The 2020 season is currently suspended indefinitely and an extension beyond the scheduled Grand Final date of October 10 is looking inevitable.
There is the issue of the availability of Old Trafford and Super League officials are also looking at moving or cancelling the Magic Weekend, a full round of on-the-road fixtures which have been a part of the calendar since 2007 and is due to return to Newcastle on May 23-24.
“There’s lots of work going on in terms of fixture planning and that involves pushing the season back, that’s one of the options we’re looking at,” Super League executive chairman Robert Elstone told an online media briefing.
“Obviously we need support from Manchester United and other partners.
“Right now it’s impossible to know how long this suspension period will last but we’re looking at a variety of scenarios that means, when it does it get lifted, we’re in a good place to start quickly and fulfil as many of our seasonal obligations as we can.
“We have a Super League fixture list that involves Magic Weekend, loop fixtures and play-offs and all of these generate revenue for the clubs, the centre or both.
“You’ve got Challenge Cup and Test football to consider too and the good news is everyone is working together to find a solution that works for everyone but the longer it goes on the harder it will be to fulfil everything.”
Elstone added: “Magic hasn’t been totally ruled out to date. We have a daily conference call among Super League executives and we spoke about it this morning.
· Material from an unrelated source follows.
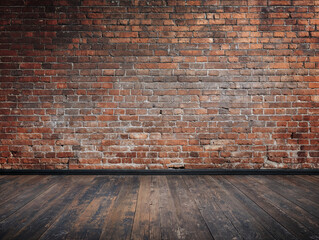Empty interior with aged red brick wall and wooden floor, clean industrial background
“We’re preparing for the fact that Magic may well be a casualty of this. The big quandary is how long is this going to last and it would be unwise not to think about Magic at a later date in Newcastle or in a different format.
“Right now we haven’t ruled it out. You might look at the probability of it happening as diminishing all the time.”
Elstone admits midweek fixtures could become inevitable and he says clubs will be loathe to lose the loop fixtures.
“They provide three additional home games for every single club and those games generate substantial revenue,” he said.
“Notwithstanding the fact the fixture list will get challenging and we don’t know when we will restart, those three games are critical in the budgets of all extra clubs and our job is to protect it as long as we can.”
Elstone says both Super League and the clubs are planning to take advantage of the Government’s offer to pay 80 per cent of wages, up to £2,500 a month, for employees laid off, by introducing furloughing or unpaid leave.
“We’re looking at all sorts of cost-cutting, saving measures,” he said.
“Super League has spent a week looking at every single line in its budget. We’re doing all we can to ensure clubs are able to pull through this in the best possible shape.
“Furloughing was a welcoming initiative the Government put on the table which every club is looking at.”
With no matchday income and other sources of revenue severely impacted, it is thought some clubs could soon be on the brink of collapse without financial aid but Elstone is confident all 12 in Super League will be around for the resumption, whenever that comes.
“Right now absolutely yes,” he said. “We have added the complications of a French team and a Canadian team with different Government advice that needs to be managed.
“But our big priority right now is economic survival for us and for our clubs and everything we’re doing is about that.
“So we are looking very closely at the support the Government is offering all businesses to make sure we’re as well placed as we can be to access that as quickly as we can be.”